The Ecologist, an authoritative environmental website, contains some deeply dispiriting ideas about what the Cancun debates will be all about. Much of the business will revolve around money — specifically, around charges by developing countries that they aren’t getting enough money fast enough. Only 13 percent of the promised money has actually been received; more, the developed countries seem to be systematically welshing on their solemn pledges to pay the Green Danegeld in new money rather than shuffling their existing aid budgets to relabel old money as ‘green’. And then there is the problem of oversight. The developing countries generally want the money paid through a UN body, for reasons which I am sure have nothing whatever to do with the UN’s demonstrated inability to monitor the use of money or fight corruption. For reasons no doubt deeply rooted in imperialism and racism, developed countries prefer that any donations that they do in fact make be handled by relatively tightfisted organizations like the World Bank. But is the money being allocated properly among developing countries? There are a great many who think it isn’t, and they have alternative formulas to propose. By an odd coincidence, the countries proposing these new formulas would benefit substantially if they were adopted.
And other important questions are waiting to be ventilated at Cancun. Is $100 billion really enough for the first tranche? Wouldn’t $200 billion be a more appropriate figure? The printers are churning out position papers on this topic; the delegates are ready to engage.
This kind of squabble can go on for years, providing comfortable employment and interesting travel opportunities for diplomats and bureaucrats until the last shrinking ice floe capsizes under the weight of the last polar bear and the last drop of moisture falls from the last patch of Himalayan ice.
The one positive outcome of this misbegotten process is the slow rise of smart environmental commentary as more and more reporters and commentators see the treaty farce for what it is. Recent articles in the FT and the Economist are notable for their focus on approaches to environmental problems that don’t depend on top down, state-heavy interventions. At the Globe and Mail in Canada, Margaret Wente makes some strong points, even if she does quote irresponsible hotheads like yours truly. My old CFR colleague Michael Levi is making some important and interesting points on his lively, well informed blog. Belatedly, the more intelligent environmentalists seem to be warming to a shift away from the effort to impose a top down, state driven and ham-fisted approach via an expensive and unratifiable treaty to a variety of smaller scale, more tightly focused ideas that depend more on local initiatives and the private sector.

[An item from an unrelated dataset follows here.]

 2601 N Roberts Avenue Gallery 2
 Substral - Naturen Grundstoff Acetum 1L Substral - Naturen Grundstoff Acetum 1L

Son of Kyoto (like the Kyoto Protocol itself) has never been anything but a huge diversion from the real conversations that need to take place. It has polarized debate and wasted time, and its demise leaves the world no closer to practical approaches to greenhouse gasses than we were a decade ago. An active and engaged reporter on the environmental beat would be putting together the full story of how this disaster took place, how much it cost, who the geniuses were who put it together — and attempting to estimate how much it all cost.
Our society desperately needs brave, imaginative, indefatigable journalists who are willing to follow important stories no matter who they threaten or offend. Let’s hope they turn up.